The Second Amendment Sanctuary movement patterned itself after the Sanctuary Cities for refugees. The first credited use of a gun sanctuary was in Effingham County, Illinois. The measures commonly reject the enforcement of federal or state gun laws and target regulations like red flag laws, universal gun background checks, and bans on assault-style weapons.
“I took an oath to uphold the Constitution, Bradshaw explained. He quoted President Ronald Reagan (R – CA) who also opposed gun control.
Once the sheriff’s race heated up, the commissioner wanted to wait on the resolution until he knew he had the sheriff’s support. Henderson approached Bradshaw about a Second Amendment Sanctuary measure first and reviewed what Bradshaw already wrote.
“I just can’t explain how honored and humbled I am to serve the people of Towns County as your sheriff. I’m going to work very hard every day to do the best job I possibly can,” Henderson stated. “I want to say thank you commissioner for this document. As he said, we took an oath to uphold the Constitution. I as your sheriff will never ever support anything that infringes on your right to bear arms.”
Several sheriffs in 2A counties have declared they would not enforce any gun law that they deemed unconstitutional.

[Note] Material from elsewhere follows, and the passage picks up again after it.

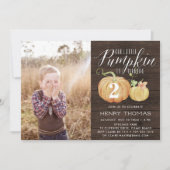 Little Pumpkin Custom Age verjaardagsfeestje foto Kaart (Voorkant)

The Second Amendment resolution states that its “under full assault and the threat to the framework for our basic freedoms and democracy constitutes a clear and present danger.”
SB 281 received special mention as a piece of legislation from the 2019-2020 General Assembly that infringed upon the right to keep and bear arms.
The resolution also affirms that Towns County citizens expect their “GOD given rights” to be protected and defended against tyranny, and the commissioner and sheriff will do their part to prohibit any unconstitutional law.
Many few the Second Amendment Sanctuary measures as a largely symbolic effort and not legally binding. Many state constitutions outline how local ordinances can’t conflict with federal or state law.
Pro-Second supporters believe having these resolutions on the books provides a chance for the issue to play out in court.
43 counties in Georgia have passed gun sanctuary resolutions.